> **RAW DATA**
== == ==

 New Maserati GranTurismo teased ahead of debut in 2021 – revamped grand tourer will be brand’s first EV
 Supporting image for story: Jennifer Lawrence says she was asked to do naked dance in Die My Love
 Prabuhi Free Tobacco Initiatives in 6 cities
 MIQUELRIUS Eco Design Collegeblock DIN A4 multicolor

== == ==

> **WHAT IS EXPECTED**
Output must consist only of the listing's lines from the first through the line with "Prabuhi Free Tobacco Initiatives in 6 cities", reproduced word for word.

> **TASK ANSWER**
 New Maserati GranTurismo teased ahead of debut in 2021 – revamped grand tourer will be brand’s first EV
 Supporting image for story: Jennifer Lawrence says she was asked to do naked dance in Die My Love
 Prabuhi Free Tobacco Initiatives in 6 cities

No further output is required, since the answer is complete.